I’m not a naturally adventurous cook, but I love to try new restaurants. My boyfriend and I
stumbled across a grilled cheese pop up – The Blue Light Speak Cheesy – in Brooklyn during one of our restaurant voyages, and I realized that I never made a grilled cheese before. I sat down with The Blue Light Speak Cheesy creator, Andy, to learn how grilled cheese sandwiches became her specialty and how to successfully make one at home.
Andy isn’t a chef, but The Blue Light Speak Cheesy has been her schooling after working in other parts of restaurants. She needed to gain some experience with cooking, and grilled cheeses were an easy way for her to grow her confidence with cooking. As Andy puts it, if you have “amazing bread, amazing cheese and a lot of love then you’re good.” She also admits that even a bad grilled cheese is a good grilled cheese.
After grounding me in her philosophy, Andy showed me how to make a sandwich step-by-step and then put me to the test with these tricks:
- Use plenty of butter – Once Andy picks out a bread, she uses plenty of butter on the outside of each bread slice. Well-buttered bread sets her up for a smooth grilling experience; however, Andy does have a mystery butter that makes her sandwiches better than ours ever could be.
- Pair two cheeses together – A skillfully melted grilled cheese sandwich requires pairing a creamy (soft) cheese with an aged (hard) cheese. Andy taught me that aged cheeses don’t easily melt, so she makes sure to shred them into pieces before putting them directly onto the bread. Once she pairs an aged cheese with a creamy cheese, her customers are destined to have a tasty, melty consistency. Andy’s favorite cheese mashup is smoked gouda and cheddar, but she also suggests manchego and fontina together. She’ll often go to a cheese shop and ask an employee about which cheese pairings they recommend. However, her self-taught approach to cooking inspires her to go against the rules and take pairing risks.

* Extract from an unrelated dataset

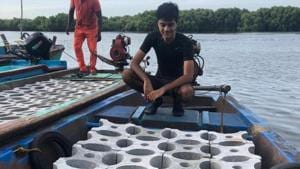 Siddharth Pillai, 17, has designed a system of interlocking blocks, assembling them along the Pondicherry coast. Experts estimate that it will start hosting marine life in a month.(HT Photo) Siddharth Pillai, 17, has designed a system of interlocking blocks, assembling them along the Pondicherry coast. Experts estimate that it will start hosting marine life in a month.(HT Photo)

- Keep it simple – The sandwich is about the cheese, so any other ingredients need to be minimal and complement the cheese. Most of Andy’s menu items have two or three additional ingredients like chorizo and peppers or grilled pears with honey and rosemary. If the ingredients are local and in season, the sandwich will be even better!
- Cook low and slow – A good grilled cheese takes time, so Andy recommends being patient by cooking the sandwich slowly on low heat. Using a small amount of butter on the outside of the sandwich and cooking it on high heat, is asking for it burn. The goal is to achieve the perfect mix of even browning on the outside and melted cheese on the inside. Bonus tip – purchase a “brick” to make the job even easier.
From childhood meals to food trucks and pop ups, everyone loves a good grilled cheese. Let’s ditch the American cheese and white bread for an upgraded classic experience.